No. 7 - Crusted With Salt
My cabin is one level up from the main deck overlooking the starboard bow. Above, and set way back, are the master's and chief engineer's cabins, the radio room, and the radio officer's cabin. Above them is the bridge. The ports look out over the forecastle where the anchor windlass, capstans and bollards are firmly rooted. I can see over the bow to the horizon and the view is more intimate with the oncoming sea than that from any other protected vantage point. To take advantage of such a spot, however, one must be able to see. The weather, while not being mean, has been soggy and miserable -- fog, rain, wind and icebergs. Every time I've gone to the bridge in the last several days, the captain has been there pacing. Our tracklines between stations look like the trail of a drunk sailor. My windows are crusted with salt and there's nothing to see.

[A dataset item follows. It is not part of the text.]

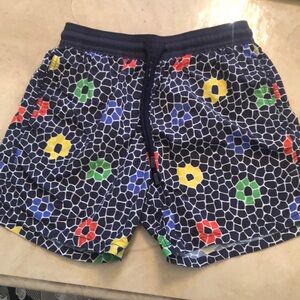 Swim trunks by Vilebrequin + Madhappy. Black with red &yellow flowers.sz M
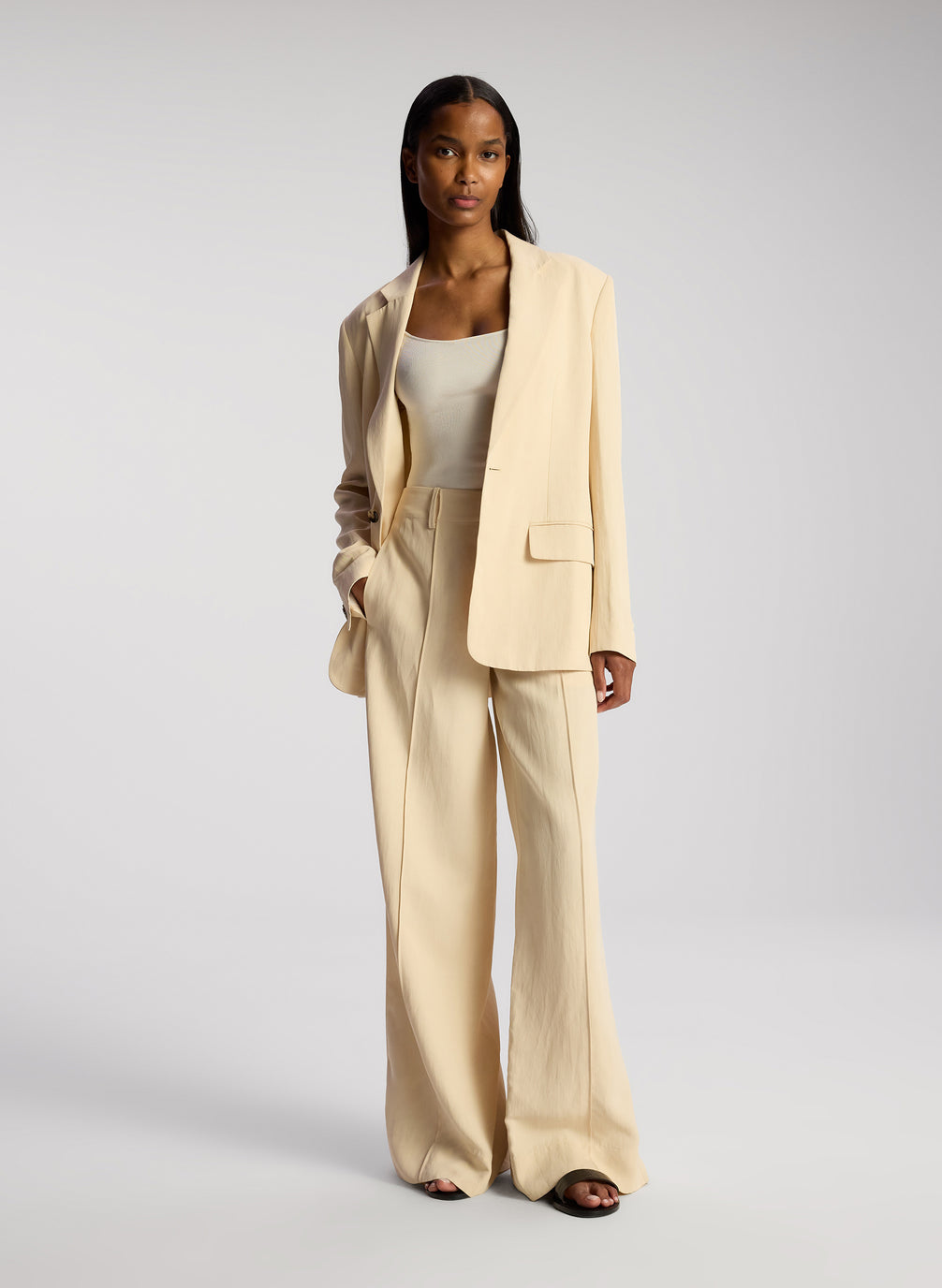 front view of woman wearing cream blazer and matching wide leg pants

But the weather began to change as we moved east and north. It snowed early this morning -- enough for several inches to pile up and for the night watches to throw snowballs at the oceanographer who was trying to listen to BBC on his portable short-wave radio in order to collect late-breaking stories for the newspaper he posts every morning -- but that's another story. Later today, as we came past the end of King George Island, the fog began to retreat, we got glimpses of smaller islands and grounded hulks of icebergs and even the sun for a moment or two. I retreated to my cabin to write some notes in the afternoon as the ship turned downwind and we traveled with a following sea to the next station. The fog had thinned had there was noticeably more light and texture in my spaces -- which consist of a foreroom, about 6 by 9 feet containing a clothes cupboard, a small refrigerator, a desk and a bench, plus an alcove for a sea bed and an all-in-one sink/toilet/shower. Best of all, there are three rectangular ports, each about 1 by 2 feet. After clearing away some rust, some weather crust and a coat of new paint covering it all, I opened one port wide and enjoyed the afternoon. The wind was behind us and the ship was riding the swell comfortably; I could hear an albatross all the way from his normal flying position off our stern as he looked for edible morsels to jump out of our wake; and it was glorious to be able to see more than a few hundred feet. Hump day is tomorrow and this may be a good omen.